● **Material for this exercise**:
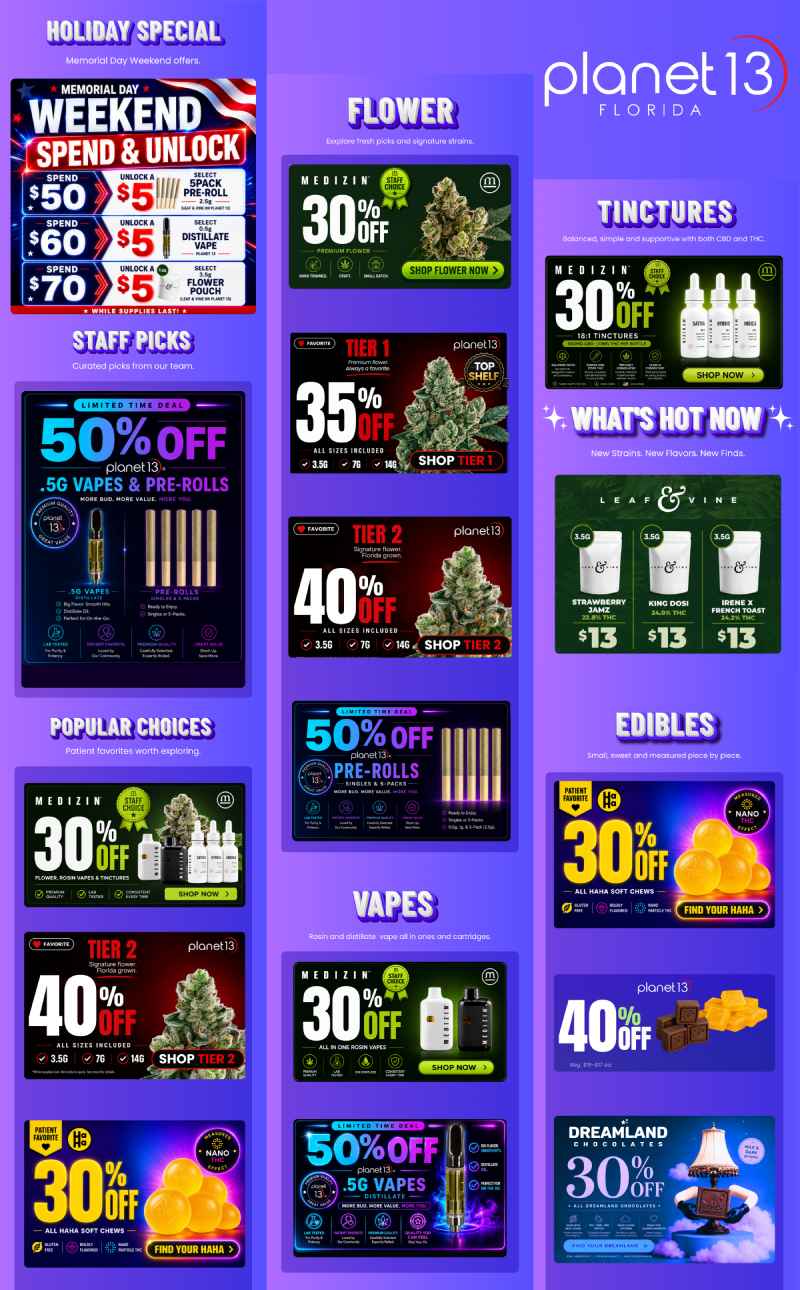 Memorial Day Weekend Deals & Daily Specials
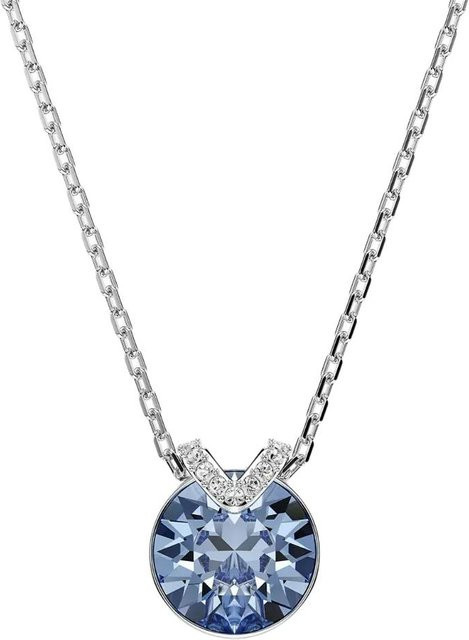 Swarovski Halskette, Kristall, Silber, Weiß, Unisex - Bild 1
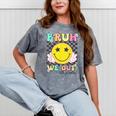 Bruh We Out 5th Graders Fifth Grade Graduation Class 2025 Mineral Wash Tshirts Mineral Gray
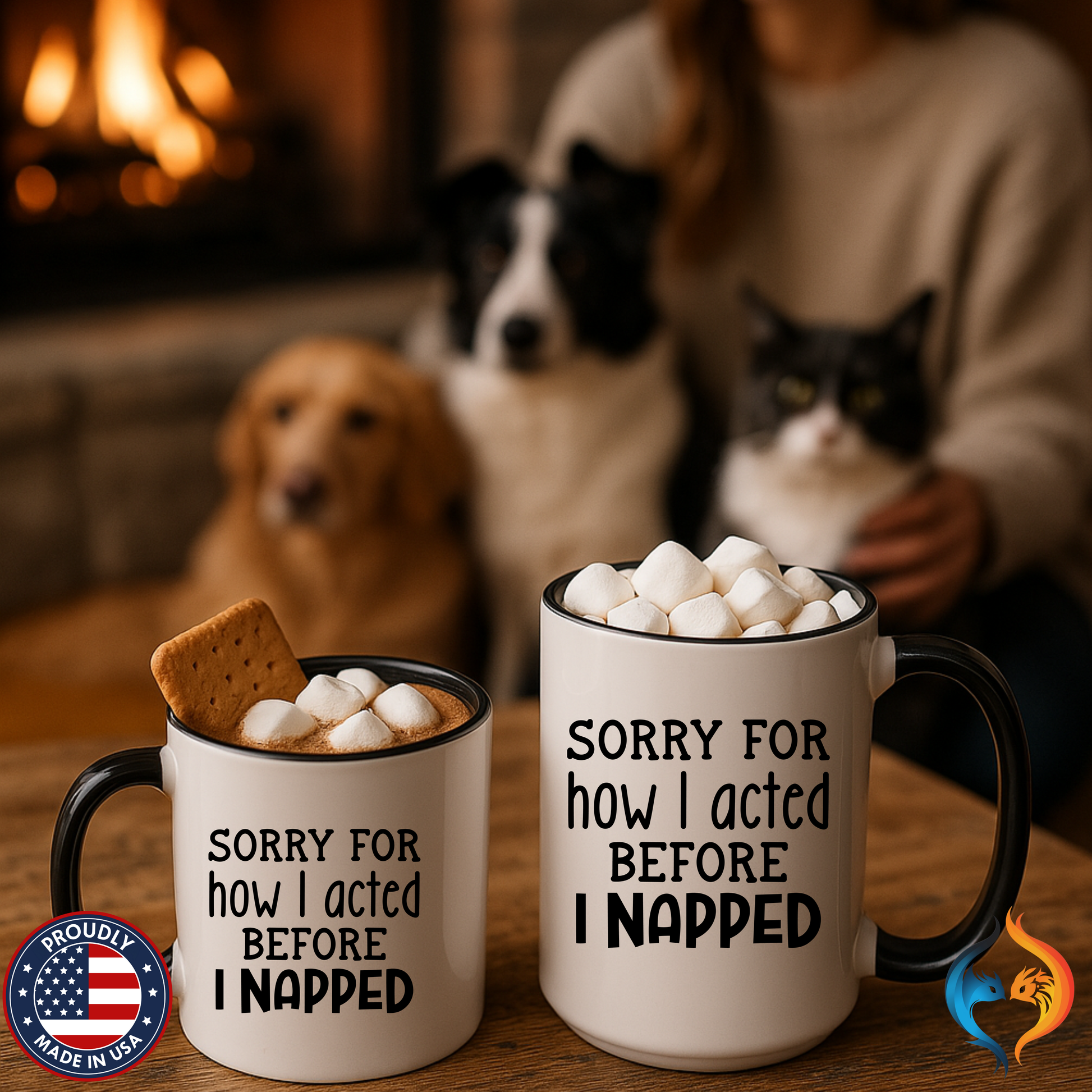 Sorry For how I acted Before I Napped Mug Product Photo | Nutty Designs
--
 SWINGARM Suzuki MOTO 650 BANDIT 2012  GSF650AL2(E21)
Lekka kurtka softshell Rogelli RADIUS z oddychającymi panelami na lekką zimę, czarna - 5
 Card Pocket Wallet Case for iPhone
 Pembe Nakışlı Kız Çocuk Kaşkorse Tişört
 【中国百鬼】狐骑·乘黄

● **What is being asked**: Because only one stretch of the records is wanted, please output the lines from the one holding "Memorial Day Weekend Deals & Daily Specials" through the one holding "Sorry For how" exactly, both included, and leave every picture out.

● **Completed task**:
 Memorial Day Weekend Deals & Daily Specials
 Swarovski Halskette, Kristall, Silber, Weiß, Unisex - Bild 1
 Bruh We Out 5th Graders Fifth Grade Graduation Class 2025 Mineral Wash Tshirts Mineral Gray
 Sorry For how I acted Before I Napped Mug Product Photo | Nutty Designs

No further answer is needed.